MATERIAL FOR THIS EXERCISE -
═══
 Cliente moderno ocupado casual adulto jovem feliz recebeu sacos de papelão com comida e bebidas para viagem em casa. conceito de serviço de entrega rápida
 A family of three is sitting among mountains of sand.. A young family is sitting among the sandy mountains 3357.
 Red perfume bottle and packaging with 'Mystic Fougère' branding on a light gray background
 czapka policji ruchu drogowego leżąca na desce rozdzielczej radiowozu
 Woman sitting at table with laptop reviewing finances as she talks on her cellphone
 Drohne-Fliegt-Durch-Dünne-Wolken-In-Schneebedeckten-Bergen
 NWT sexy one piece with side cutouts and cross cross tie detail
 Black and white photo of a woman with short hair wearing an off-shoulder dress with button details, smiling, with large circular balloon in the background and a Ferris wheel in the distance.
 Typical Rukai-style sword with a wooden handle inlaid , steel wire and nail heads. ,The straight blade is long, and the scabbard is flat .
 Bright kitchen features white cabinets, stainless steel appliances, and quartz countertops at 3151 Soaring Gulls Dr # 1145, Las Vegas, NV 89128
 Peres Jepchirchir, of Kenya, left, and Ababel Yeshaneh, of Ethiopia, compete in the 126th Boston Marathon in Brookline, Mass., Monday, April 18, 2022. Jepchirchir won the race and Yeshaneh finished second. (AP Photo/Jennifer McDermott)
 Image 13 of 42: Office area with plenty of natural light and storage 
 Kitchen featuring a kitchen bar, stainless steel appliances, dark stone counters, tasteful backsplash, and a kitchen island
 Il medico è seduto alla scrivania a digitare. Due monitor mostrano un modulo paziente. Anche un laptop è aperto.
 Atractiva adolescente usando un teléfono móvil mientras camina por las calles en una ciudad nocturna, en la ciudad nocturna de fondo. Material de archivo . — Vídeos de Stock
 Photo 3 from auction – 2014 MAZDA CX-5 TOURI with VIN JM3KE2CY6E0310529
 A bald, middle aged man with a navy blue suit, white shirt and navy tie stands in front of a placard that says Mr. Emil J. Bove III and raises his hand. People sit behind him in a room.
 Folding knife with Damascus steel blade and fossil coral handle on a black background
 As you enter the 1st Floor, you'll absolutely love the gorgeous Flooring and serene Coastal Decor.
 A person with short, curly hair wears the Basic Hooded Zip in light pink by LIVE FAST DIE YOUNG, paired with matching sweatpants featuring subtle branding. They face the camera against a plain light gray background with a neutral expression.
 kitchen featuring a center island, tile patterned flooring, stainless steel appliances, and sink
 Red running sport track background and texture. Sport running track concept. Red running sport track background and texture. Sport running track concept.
═══
PROBLEM STATEMENT -
Reproduce the lines of the entries above from the one with "Photo 3 from" to the one with "As you enter", both included, exactly and without any other line.

SOLVED EXERCISE -
 Photo 3 from auction – 2014 MAZDA CX-5 TOURI with VIN JM3KE2CY6E0310529
 A bald, middle aged man with a navy blue suit, white shirt and navy tie stands in front of a placard that says Mr. Emil J. Bove III and raises his hand. People sit behind him in a room.
 Folding knife with Damascus steel blade and fossil coral handle on a black background
 As you enter the 1st Floor, you'll absolutely love the gorgeous Flooring and serene Coastal Decor.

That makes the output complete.